Viene a cuento este breviario filosófico-mamila, porque la UNAM está cerca de ser crucificada, pese (o debido) a que todavía es la mayor fábrica de esperanzas en México. Todos los días, y generación tras generación, ahí se fabrica la esperanza de millones de personas, en mil cosas. Entre otras: la esperanza en una vida profesional, más o menos trascendente; la esperanza en dejar de ser hombres-vegetales o mujeres-objeto; la esperanza en salir de la pobreza y el subdesarrollo; y, en fin, la esperanza en ser arquitectos y partícipes de un México mejor.
También viene a cuento, porque al parejo está por extinguirse la mayor escuela de esperanzas a lo largo de nuestra historia: la escuela de la resistencia indígena. Y como dirían los gobernantes modernos, ahí está el know-how, el saber profundo para que funcione la fábrica de esperanzas. Cada vez que se desmantela un municipio autónomo, lo que se destruye es una fuente de enseñanzas inigualables acerca de cómo resistir para mantener la esperanza. Cada vez que es asesinado un indígena, se merma esa valiosísima plantilla de profesores, de por sí mermada por los estragos del racismo.

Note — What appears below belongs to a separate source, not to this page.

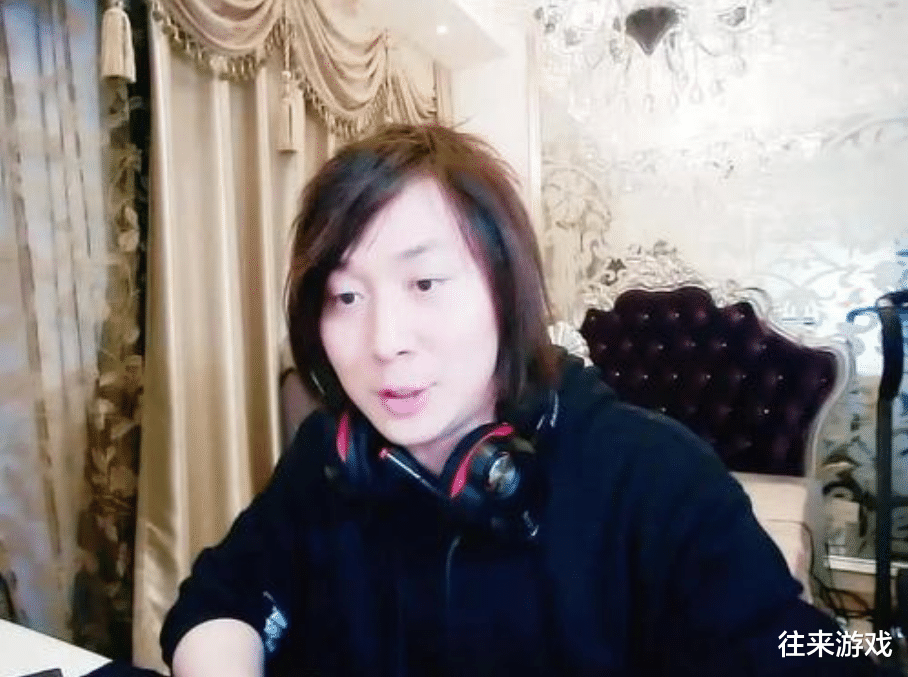 张大仙@王者荣耀：最废手的2个英雄！张大仙：玩好了超神，玩不好超坑！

Lo único bueno de todo ello, es que por fin sale a la luz la perversidad toda del neoliberalismo o, por lo menos, del neoliberalismo a la mexicana. Iluminado por la diosa Eficiencia y cansado de tantas (?) negociaciones, el staff gobernante en México ahora parece volcarse a la demolición de las dos últimas líneas de resistencia profunda y concreta: los universitarios tipo UNAM (fabricantes por excelencia de la esperanza) y los indígenas de bravura zapatista (sostén histórico de la fábrica).
Si el staff gobernante triunfa en esa aventura, logrará la muerte de la esperanza en un cambio que corrija la ruta neoliberal. Logrará la deflación al menos de las macro-luchas, como dirían ellos en aprovechamiento de su educación tecnocrática. Logrará la plena mercantilización del país, incluyendo un ``estado de derecho'' regido por la ley de la venta-al-mejor-postor. Y, por supuesto, logrará nuevos apapachos (desde financiamientos interminables hasta una eficaz protección personal, tipo Salinas) de quien siempre resulta ser el mejor postor, y cuyos headquarters se localizan en Estados Unidos (por algo en las universidades distintas a la UNAM predomina el enfoque matriz-filial, muy junto al de costo-beneficio).
Sin embargo, como lo enseñamos y aprendemos en la UNAM, el conocimiento de las cosas no tiene mayor sentido si no se aplica a la solución de los problemas. Hoy, el mayor problema de México es la guerra. Una guerra todavía no muy sangrienta, pero tan letal como expansiva. Una guerra que se orienta hacia algo peor que el exterminio de la población indígena y la cancelación de derechos elementales de toda la ciudadanía. Es una guerra contra la esperanza. Y está ya tan avanzada, que ahora centra sus baterías contra las fuentes últimas de esa esperanza: la UNAM, cuna del pensamiento crítico y a la vez utópico; y el zapatismo, movimiento que más revive hoy los mejores sueños de México.
Conocido el fondo de la guerra neoliberal contra las últimas resistencias, lo que sigue es volcarse a su solución. Porque muerta la esperanza de cambio, ya sólo restaría hacer un inventario de penas y arrepentimientos. Obviamente, la solución de esa guerra no avanzará con nuevas embestidas como la que hoy sufre la UNAM so pretexto de las cuotas estudiantiles, ni con nuevas escaladas militaristas como la que se registra en Chiapas tras la consulta zapatista del pasado 21 de marzo.
Cualquier principio de solución más bien pasa por el sendero del diálogo. Tan es así que todas las autoridades, federales y universitarias, dicen querer el diálogo. Ya sólo falta lo principal: que tanto en Chiapas como en la UNAM se desarrolle un diálogo verdadero. No un diálogo estéril y tramposo como el de San Andrés, sino un diálogo honesto y fructífero. Necesariamente, entonces, un diálogo de cara a la nación y con el futuro de México en el centro.